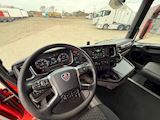 Scania R410 6x2*4 BDF Jumbo Veksellad/Container - 13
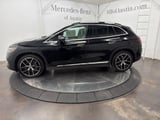 2027 Mercedes-Benz EQE - Preview 4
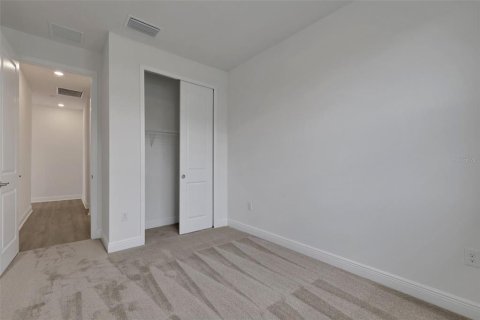 Купить таунхаус в Парриш, Флорида 8 комнат, 133.13м2, № 1375235 - фото 24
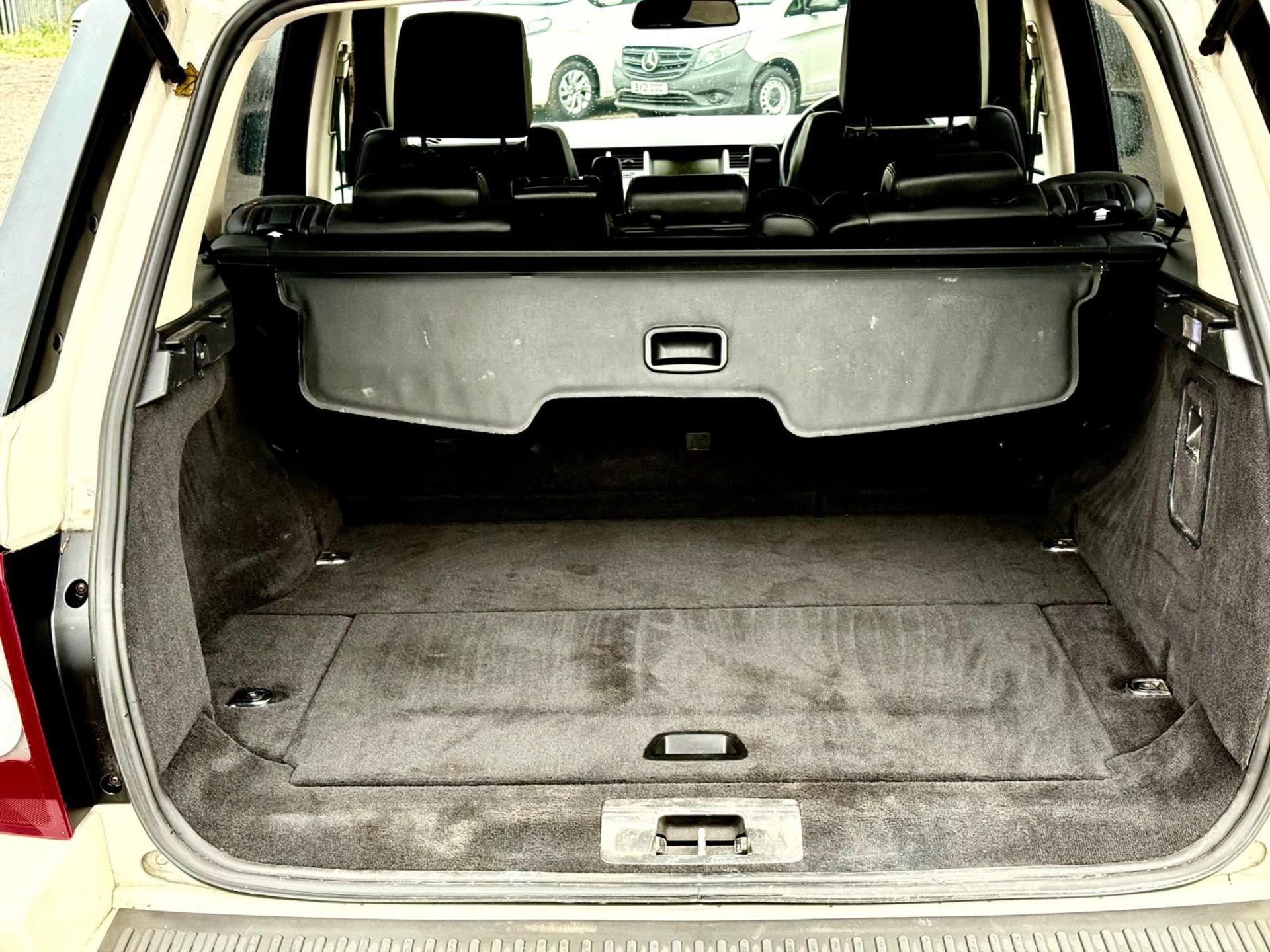 Land Rover Range Rover Sport 2.7 TDV6 SE 2009 '09 Reg' Sat Nav - A/C - 4WD - Image 5 of 18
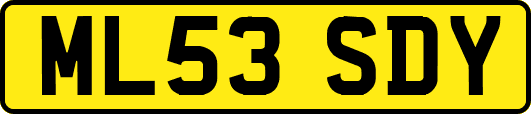 ML53SDY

_ _ _ _ _ _ _

→ **Activity**
Give the lines again exactly, beginning with the first line of the records above and ending with the line that contains "Land Rover Range", and include no pictures.

→ **Answer to this task**
 Scania R410 6x2*4 BDF Jumbo Veksellad/Container - 13
 2027 Mercedes-Benz EQE - Preview 4
 Купить таунхаус в Парриш, Флорида 8 комнат, 133.13м2, № 1375235 - фото 24
 Land Rover Range Rover Sport 2.7 TDV6 SE 2009 '09 Reg' Sat Nav - A/C - 4WD - Image 5 of 18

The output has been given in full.